A Place in the Sun
Dir. George Stevens
USA 1951 | Black & White | 122mins | Cert PG | Romance
Cast: Montgomery Clift, Elizabeth Taylor, Shelley Winters
Both George Stevens' finest film and a highpoint in the careers of Montgomery Clift and Elizabeth Taylor, this adaptation of Theodore Dreiser's An American Tragedy is one of postwar Hollywood's most affecting and genuinely adult love stories.
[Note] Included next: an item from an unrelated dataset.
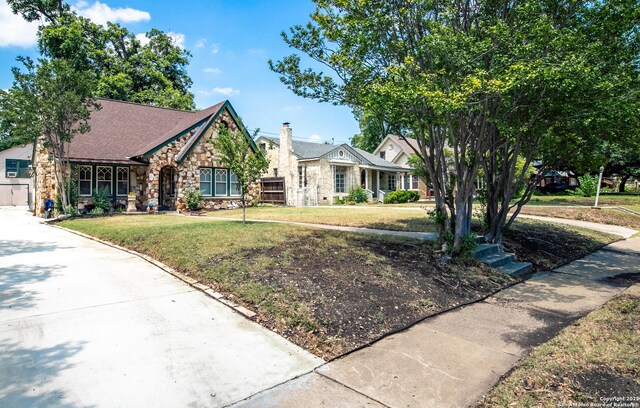 243 N, San Antonio, TX 78201 - view of front of house with stone siding, a front lawn, and roof with shingles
The winner of six Oscars (for direction, screenplay, cinematography, score, costumes and editing), it centres on George Eastman (Clift) as a shy, slightly awkward Midwesterner who arrives in California hoping for a job in his uncle's factory. He's in luck, and though he secretly starts dating assembly-line worker Alice (Shelley Winters) against company rules, he's soon promoted. That wins him a tentative foothold in the world of his wealthy relatives - where he meets and immediately falls for beautiful socialite Angela (Taylor)... Stevens' eye for detail is evident in the deft delineation of social divisions and the meticulous characterisation, but what distinguishes the film is the way he homes in - with ravishing close-ups and lingering dissolves suggestive of inexorable destiny - on the rapt, languid, irresistable desire that drives the story. While all the performances are excellent, Taylor and Clift were never better - or lovelier - and their scenes together are memorable for their wounded beauty.